TASK ITEM >> Would you please repeat, word for word, only the lines from the one holding "Oben'den Şenesenevler Kocayol" through the one holding "Kia Sportage 1.6" in the material below, without the pictures?

THE INPUT >>

*** Begin section ***

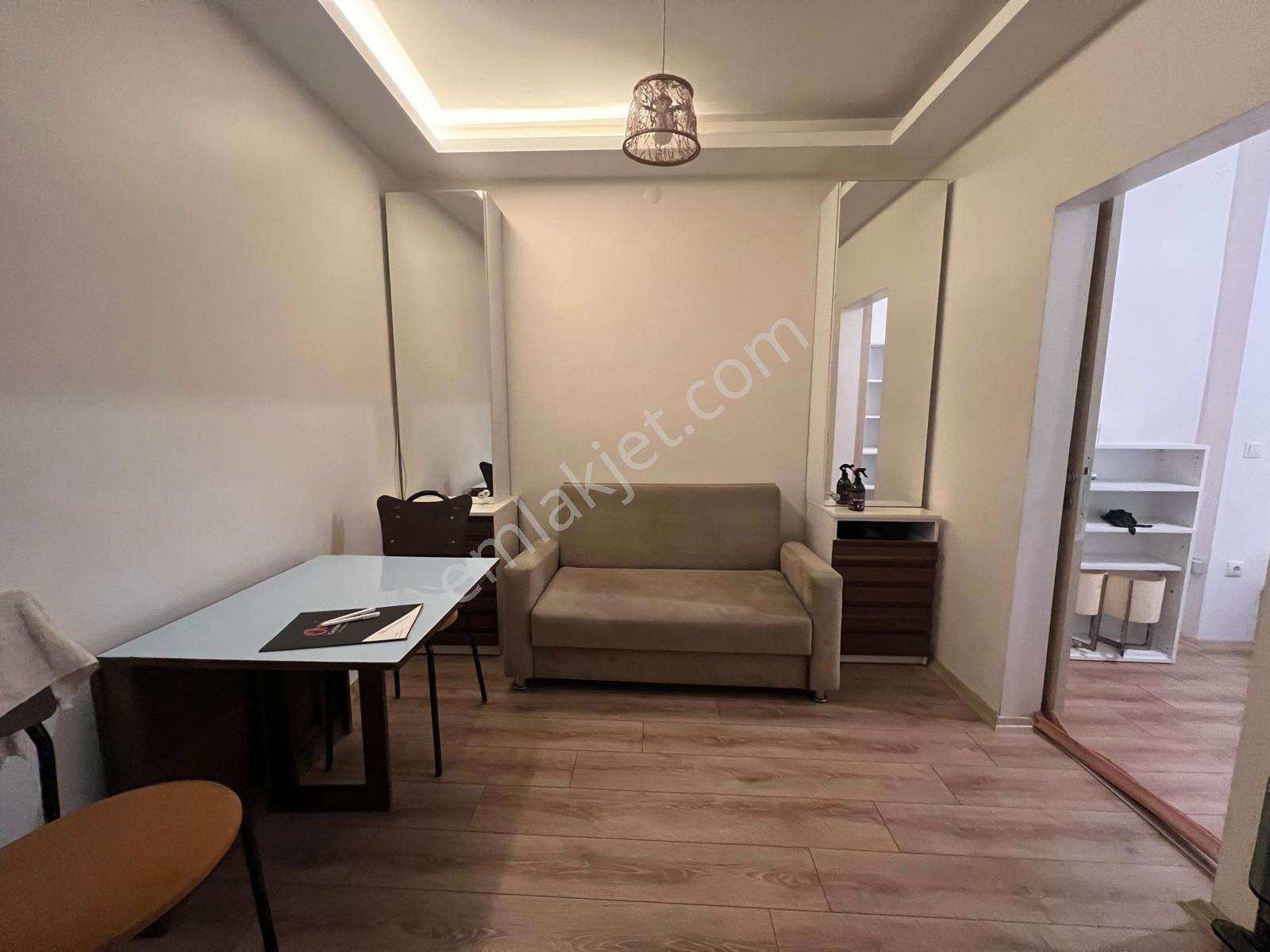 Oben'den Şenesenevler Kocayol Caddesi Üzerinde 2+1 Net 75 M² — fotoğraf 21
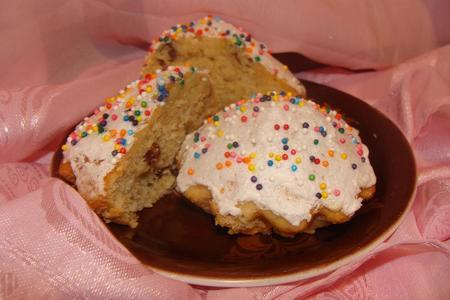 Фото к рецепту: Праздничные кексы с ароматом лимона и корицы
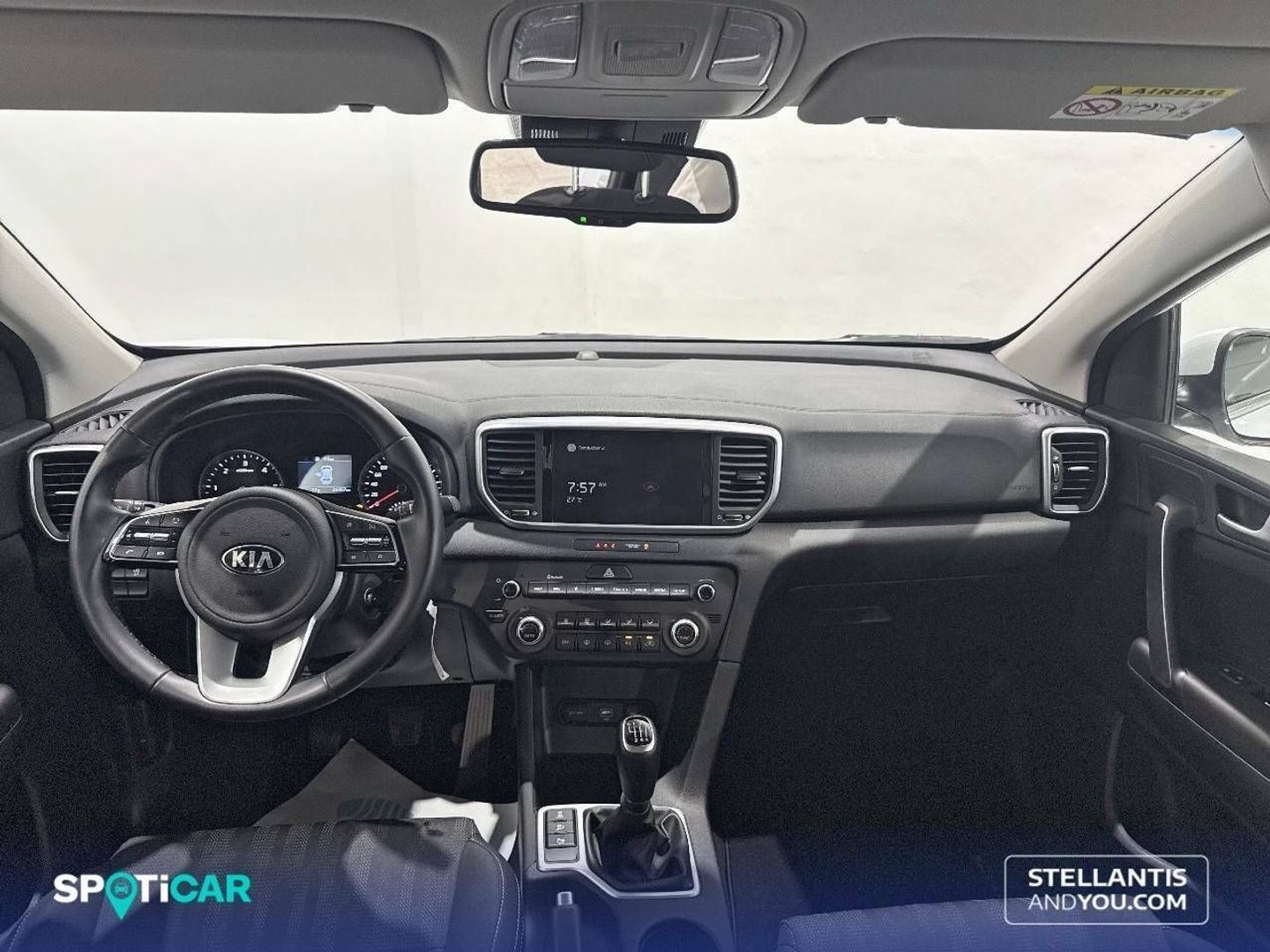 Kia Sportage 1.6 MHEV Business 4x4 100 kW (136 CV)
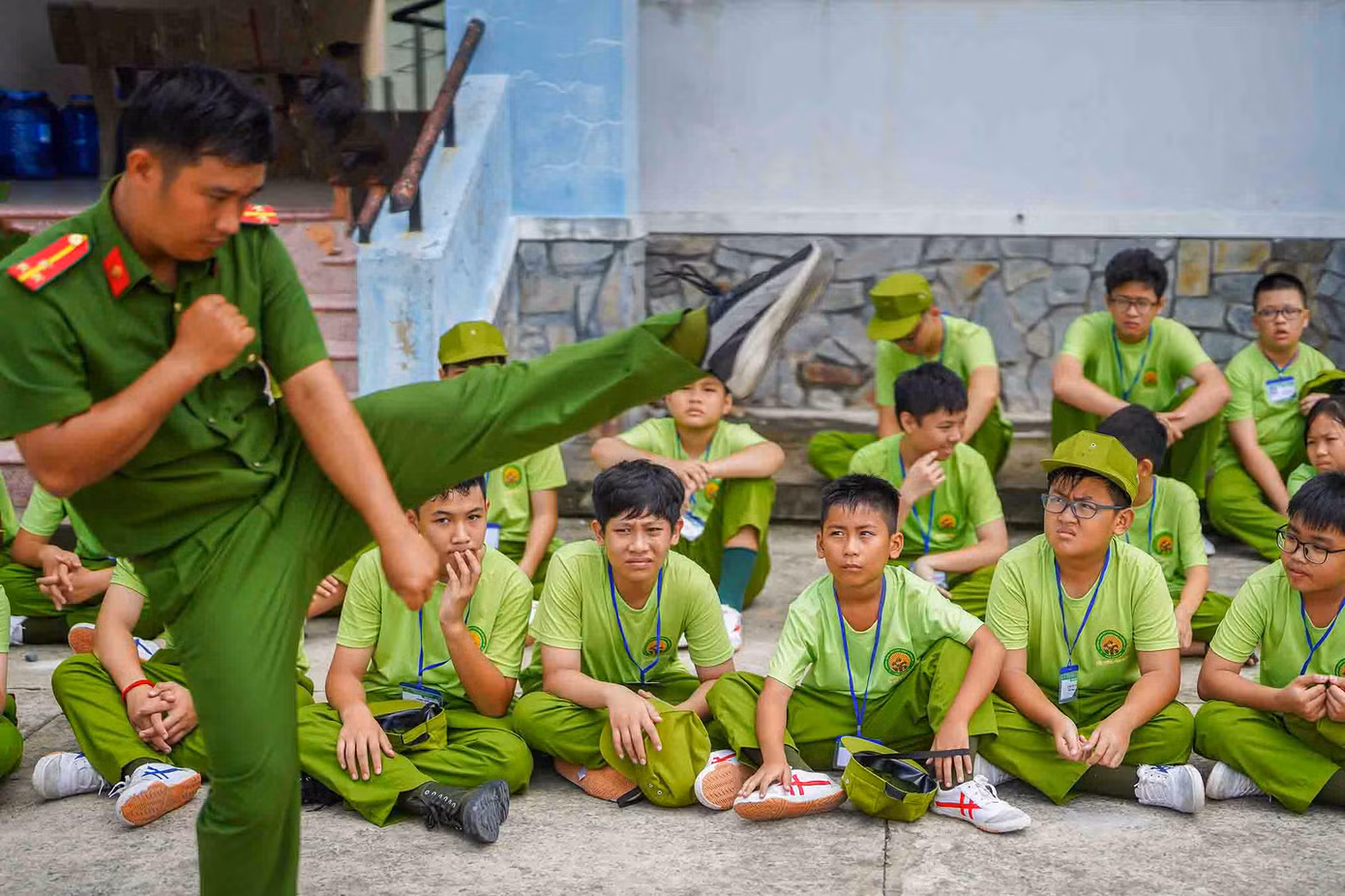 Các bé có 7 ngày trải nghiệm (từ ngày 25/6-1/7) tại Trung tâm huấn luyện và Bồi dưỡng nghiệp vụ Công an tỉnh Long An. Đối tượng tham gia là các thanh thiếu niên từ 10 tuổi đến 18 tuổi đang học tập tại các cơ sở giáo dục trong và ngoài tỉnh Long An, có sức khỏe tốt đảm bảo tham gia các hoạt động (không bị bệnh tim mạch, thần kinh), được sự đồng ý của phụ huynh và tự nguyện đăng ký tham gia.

*** End section ***
*** Begin section ***

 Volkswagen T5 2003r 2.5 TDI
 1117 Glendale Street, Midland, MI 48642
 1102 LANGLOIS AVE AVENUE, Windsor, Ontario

*** End section ***

FINISHED EXERCISE >>
 Oben'den Şenesenevler Kocayol Caddesi Üzerinde 2+1 Net 75 M² — fotoğraf 21
 Фото к рецепту: Праздничные кексы с ароматом лимона и корицы
 Kia Sportage 1.6 MHEV Business 4x4 100 kW (136 CV)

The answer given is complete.